1687 poem by John Dryden

The Hind and the Panther: A Poem, in Three Parts (1687) is an allegory in heroic couplets by John Dryden. At some 2600 lines it is much the longest of Dryden's poems, translations excepted, and perhaps the most controversial. The critic Margaret Doody has called it "the great, the undeniable, sui generis poem of the Restoration era…It is its own kind of poem, it cannot be repeated (and no one has repeated it)."

== Theme and synopsis ==

Dryden converted to Catholicism more or less simultaneously with the accession of the Roman Catholic king James II in 1685, to the disgust of many Protestant writers. The Hind and the Panther is considered the major poetic result of Dryden's conversion, and presents some evidence for thinking that Dryden became a Catholic from genuine conviction rather than political time-serving, in so far as his call for an alliance of Anglicans, Catholics and King against the Nonconformists directly contradicted James II's policy of appealing to the Nonconformists as allies against the Church of England.

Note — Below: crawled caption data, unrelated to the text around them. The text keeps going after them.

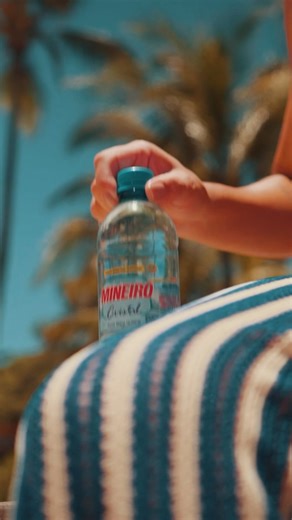 3K views · 22 reactions | ☀️ Onda de calor aproximando… eu logo com minha água Mineiro Cristal . #agua #mineiro #h2o #aguamineral #guaranámineiro #calor #ondadecalor #uberlândia #goiânia #brasilia #divinópolis #rioverde #belohorizonte #bh #mg #go #df | Guaraná Mineiro | Facebook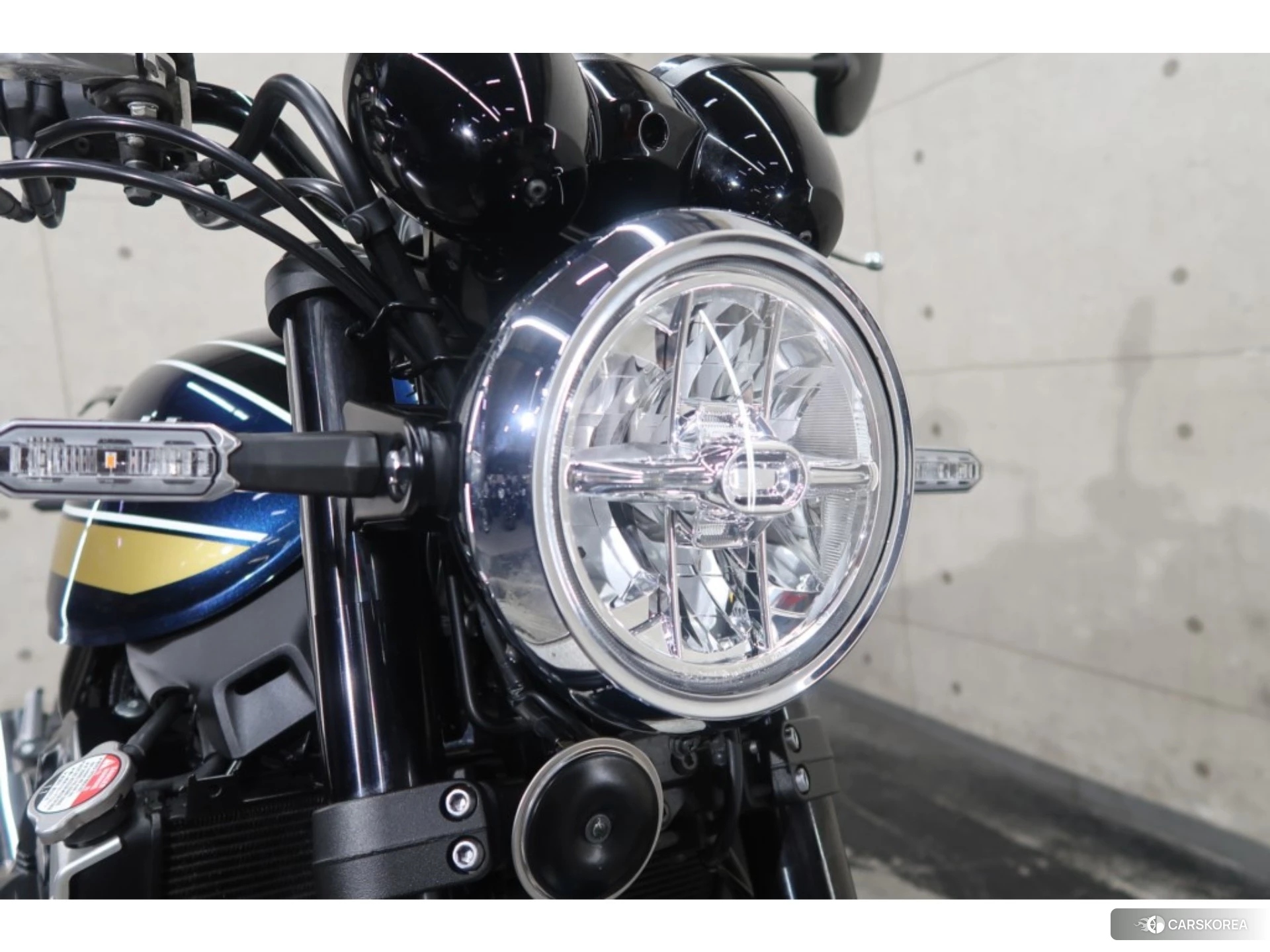 Kawasaki Z900RS id 3950441 из Японии 8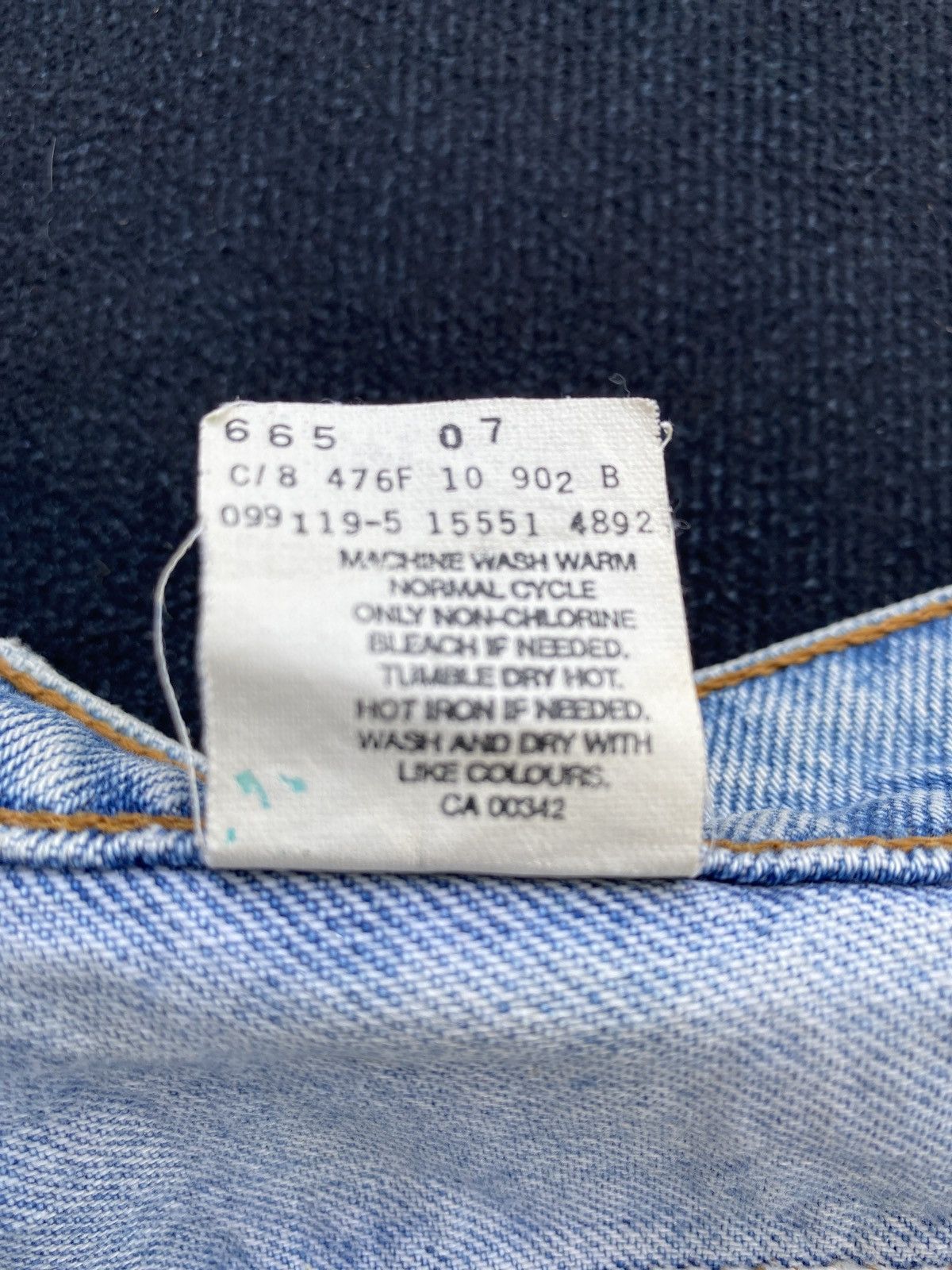Levi's VINTAGE LEVIS 550 BLUE WASH JEANS -J449 Size US 37 - 8 Thumbnail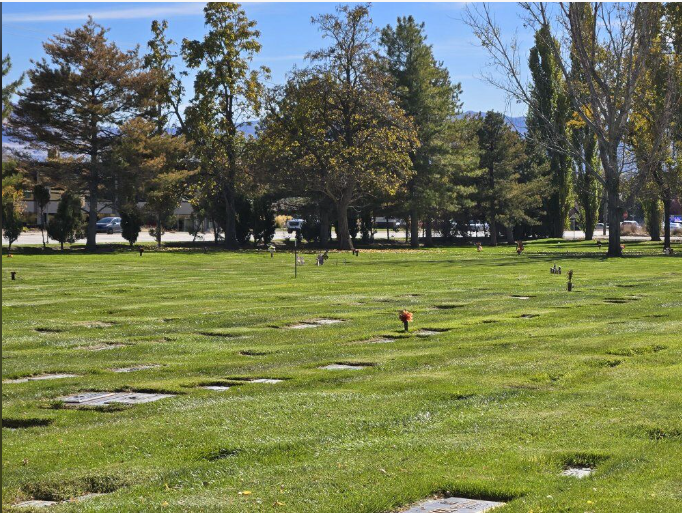 2 burials plots together Rewood Park Memorial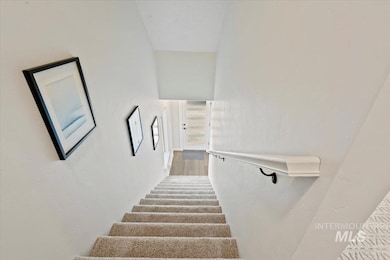 521 N Lucy Ln, Nampa, ID 83687 - photo 3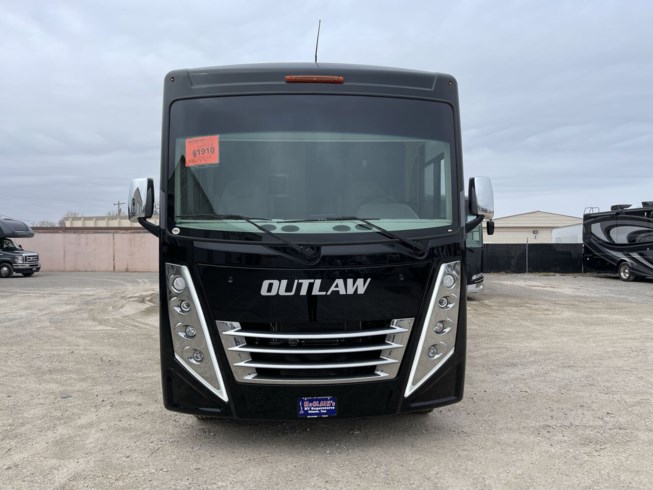 2023 Outlaw 38MB by Thor Motor Coach from McClain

The Hind and the Panther falls into three parts: the first is a description of the different religious denominations, in which the Roman Catholic church appears as "A milk-white Hind, immortal and unchanged", the Church of England as a panther, the Independents as a bear, the Presbyterians as a wolf, the Quakers as a hare, the Socinians as a fox, the Freethinkers as an ape, and the Anabaptists as a boar; the second part deals with the controversial topics of church authority and transubstantiation; and the third part argues that the Crown and the Anglican and Catholic Churches should form a united front against the Nonconformist churches and the Whigs.

== Critical reception ==

The poem was answered by a flurry of hostile pamphlets, the best-known being The Hind and the Panther Transvers'd to the Story of the Country Mouse and the City Mouse by Matthew Prior and Charles Montagu, which ridiculed the incongruity of animals debating theology:
Is it not as easie to imagine two Mice bilking Coachmen, and supping at the Devil; as to suppose a Hind entertaining the Panther at a Hermit's Cell, discussing the greatest Mysteries of Religion?
The satirist Tom Brown rhetorically asked "How can he stand up for any mode of Worship, who hath been accustomed to bite, and spit his Venom against the very Name thereof?" As the passions aroused by James II's reign slowly faded the poem began to be judged on its own merits. Dr. Johnson tells us that Alexander Pope used to refer to The Hind and the Panther as the most "correct" example of Dryden's versification. Johnson's own opinion was that the poem was
written with great smoothness of metre, a wide extent of knowledge, and an abundant multiplicity of images; the controversy is embellished with pointed sentences, diversified by illustrations, and enlivened by sallies of invective.
Nevertheless, he agreed with Prior and Montagu that "The scheme of the work is injudicious and incommodious; for what can be more absurd than that one beast should counsel another to rest her faith upon a pope and council?" Walter Scott found this no more absurd than any other fine beast-fable, and considered that the versification
never falls, never becomes rugged; rises with the dignified strain of the poetry; sinks into quaint familiarity, where sarcasm and humour are employed; and winds through all the mazes of theological argument, without becoming either obscure or prosaic. The arguments are in general advanced with an air of conviction and candour, which, in those days, must have required the protestant reader to be on his guard in the perusal, and which seems completely to ascertain the sincerity of the author in his new religious creed.
William Hazlitt believed the poem to have "more genius, vehemence and strength of description than any other of Dryden's works". Lord Macaulay's Whiggish distaste for its message was balanced by an admiration of the poem's style: "In none of Dryden's works can be found passages more pathetic and magnificent, greater ductility and energy of language, or a more pleasing and various music". George Saintsbury encapsulated this ambivalent attitude when he called The Hind and the Panther "the greatest poem ever written in the teeth of its subject".